To NYT, ‘arms spending’ doesn't mean spending on arms
A report in the New York Times on Venezuela’s international arms purchases (“Venezuela Spending on Arms Soars to World’s Top Ranks,” 2/25/07) used selective information and an alarmist tone to suggest that Venezuela’s military spending was a potential threat to regional stability. Reporter Simon Romero’s story began:
By putting Venezuela in the company of Pakistan and Iran—whose military programs have attracted global suspicion—the report was clearly intended to frighten readers about Venezuela’s military designs.
But there are several problems with this piece. First of all, as the article reveals further down, it was based on information provided by the U.S. Defense Intelligence Agency. The Pentagon has a well-earned credibility problem when it comes to making intelligence claims about the threats posed by official enemies, and the fact that it was the source of the article’s assertions should have been mentioned in the lead.
The article also used a confusing and highly misleading measure of arms expenditures. Its phrase “Venezuela’s arms spending” does not mean the amount Venezuela spends on arms, but rather the amount that it spends buying arms from other countries. If one is interested in the military threat posed by a particular country, its total spending on its military is a more relevant statistic; indeed, all other things being equal, a country that has to buy most of its weapons from overseas might be seen as less of a threat than a country with a large domestic arms industry.
But it’s clear why the Defense Intelligence Agency would stress overseas arms purchases as a gauge of Venezuela’s military potential: When one looks at the more comprehensive figure of total military spending, Venezuela does not seem to constitute much of a threat at all. In Latin America, according to figures compiled by the Center for Arms Control and Nonproliferation, Argentina spends almost twice as much on its military as Venezuela, Colombia spends more than three times as much, and Brazil spends about 12 times as much.
Iran and Pakistan, whose overseas arms purchases the New York Times compares to Venezuela’s, spend much more on their military overall than Venezuela does as well. The United States, as the world’s biggest military power, has a military budget roughly 500 times the size of Venezuela’s—whose military spending is ranked 63rd. None of this crucial context made it into Romero’s piece, though the article does note, in the 19th of 26 paragraphs, that Brazil’s army is far larger than Venezuela’s.
But the article may be inaccurate as well as misleading. Though it claimed that Venezuela’s $4 billion in arms purchases over the last two years eclipsed Pakistan’s weapons spending, the Times reported just a few months ago (11/11/06) that Pakistan had “placed a $5 billion order for advanced F-16 jets made by the Lockheed Martin Corporation.” Pakistan would seem to have outspent Venezuela on the international arms market in a single deal with the American company.

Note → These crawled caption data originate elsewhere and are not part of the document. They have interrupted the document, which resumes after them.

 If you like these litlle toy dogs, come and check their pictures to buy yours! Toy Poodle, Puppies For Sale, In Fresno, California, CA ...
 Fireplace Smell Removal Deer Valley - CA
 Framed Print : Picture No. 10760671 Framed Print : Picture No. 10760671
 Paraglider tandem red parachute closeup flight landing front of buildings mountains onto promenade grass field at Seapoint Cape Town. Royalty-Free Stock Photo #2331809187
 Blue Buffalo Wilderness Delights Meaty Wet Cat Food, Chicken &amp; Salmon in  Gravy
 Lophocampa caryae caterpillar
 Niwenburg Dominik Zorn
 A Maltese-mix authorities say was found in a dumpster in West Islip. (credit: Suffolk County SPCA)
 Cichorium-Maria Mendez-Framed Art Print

In the February 25 piece, Romero cited an estimate from the Pentagon’s Defense Intelligence Agency that claimed Pakistan had spent just $3 billion over the past two years, which is obviously at odds with the Times’ report from November, which was also based on Pentagon data.
The Times’ numbers on Venezuelan military spending don’t seem to add up, either. The article reported that Venezuela’s total military budget was $1.3 billion in 2004, “the last year for which comparative data were immediately available.” (This is slightly more than the figure given by the Center for Arms Control and Nonpro-liferation.) It also said that Venezuela’s overseas arms spending was $4.3 billion over the past two years, and that it was up 12.5 percent in 2006. That would mean the country bought slightly more than $2 billion in weapons abroad in 2005.
But according to the Stockholm International Peace Research Institute, Venezuela’s total military spending in 2005 was $1.477 billion. SIPRI’s data also has Venezuela’s military budget for that year—the latest year listed—as smaller than it spent in 1997, the year before Hugo Chávez, Washington’s bete noire, was first elected president. (According to SIPRI, Venezuela’s military spent $1.65 billion in 1997—and that was 1.8 percent of Venezuela’s GDP, vs. 1.2 percent for the country’s 2004 arms budget.)
Why was this information, which seems to contradict the anonymous claims of Pentagon officials, not shared with New York Times readers? Perhaps because it would undermine the article’s entire point.